Tuhan Yesus mengatakan: “Aku datang, supaya
mereka mempunyai hidup, dan mempunyai dalam segala kelimpahan” (Yohanes 10:10).
“Kelimpahan” dalam istilah Yunani yaitu perissos yang dapat dipahami dalam beberapa arti: lebih dari yang dibutuhkan,
lebih dari luar biasa, dan lebih dari sangat baik. Penekanan di sini adalah
kehidupan yang “lebih dari”. Inilah kebahagiaan orang Kristen sejati di dalam
Kristus yang seringkali kita lupakan dan tidak kita hitung. Orang Kristen
sejati mengalami kebahagiaan sejati dalam Kristus yang “lebih dari.” Masalahnya
orang Kristen seringkali “sama seperti” yang belum percaya kepada Kristus
dengan menghitung lebih banyak penderitaan dan kesusahan daripada kebahagiaan dalam
Kristus. Mengapa seorang Kristen seharusnya dapat menghayati kebahagiaan sejati
dalam keadaan apa pun? Kebahagiaan “lebih dari” itu seperti apa? Jonathan
Edwards ketika berumur 18 tahun berkhotbah tentang “Christian Happiness.” Ia menyampaikan bahwa seorang Kristen sejati seharusnya dapat menghayati
kebahagiaan sejati dalam keadaan apa pun karena beberapa alasan:
1.“Hal-hal buruk” mereka akan menghasilkan
kebaikan (Roma 8:28)
2.“Hal-hal baik” mereka – diangkat ke dalam
keluarga Allah, dibenarkan di hadapan Allah, persatuan dengan Dia – tidak bisa dirampas (Roma 8:1)

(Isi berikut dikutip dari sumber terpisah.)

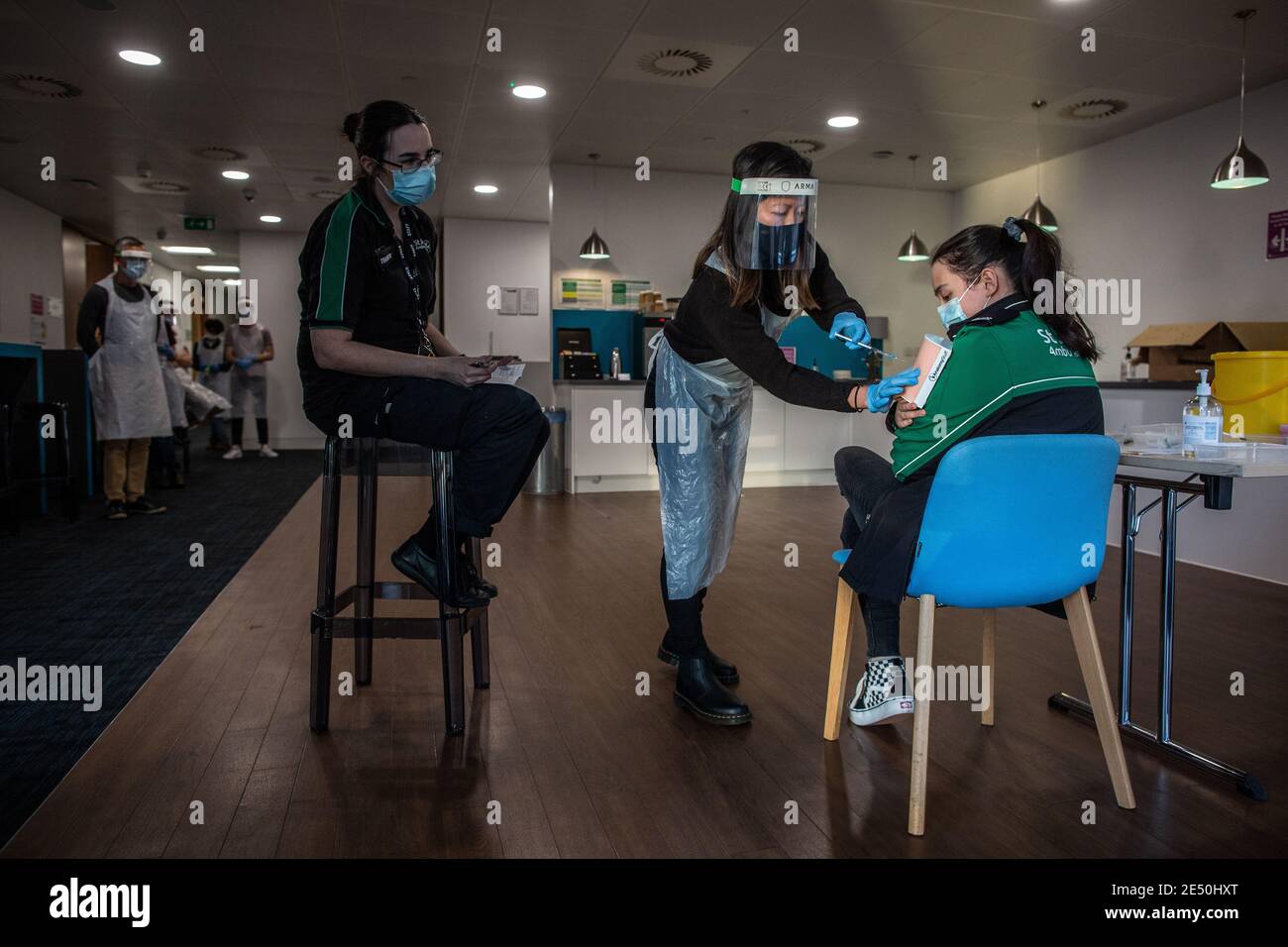 Journée de formation des bénévoles de l'Ambulance St John apprendre à administrer le vaccin contre le coronavirus, à se laver les mains, à mettre en place l'EPI, à comprimer la poitrine Banque D'Images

3.“Hal-hal terbaik” mereka – hidup di sorga,
langit dan bumi yang baru, kebangkitan – belum tiba (Wahyu 22:1-dst)
Kebahagiaan sejati dan berlimpah sudah
dinyatakan di dalam Kristus. Mari kita belajar untuk lebih banyak menghitung
kebahagiaan itu dan tidak “take it for granted”. Dengan demikian kita
hidup penuh syukur di dalam Kristus. Secara retoris Paulus mengingatkan jemaat di
Roma yang sedang mengalami banyak kesulitan dan penderitaan: “Ia, yang tidak
menyayangkan Anak-Nya sendiri, tetapi yang menyerahkan-Nya bagi kita semua,
bagaimanakah mungkin Ia tidak mengaruniakan segala sesuatu kepada kita bersama-sama dengan Dia?” (Roma 8:32). Happiness is not about a perfect life, but
about The Perfect God and The Fulfilment of His Promises.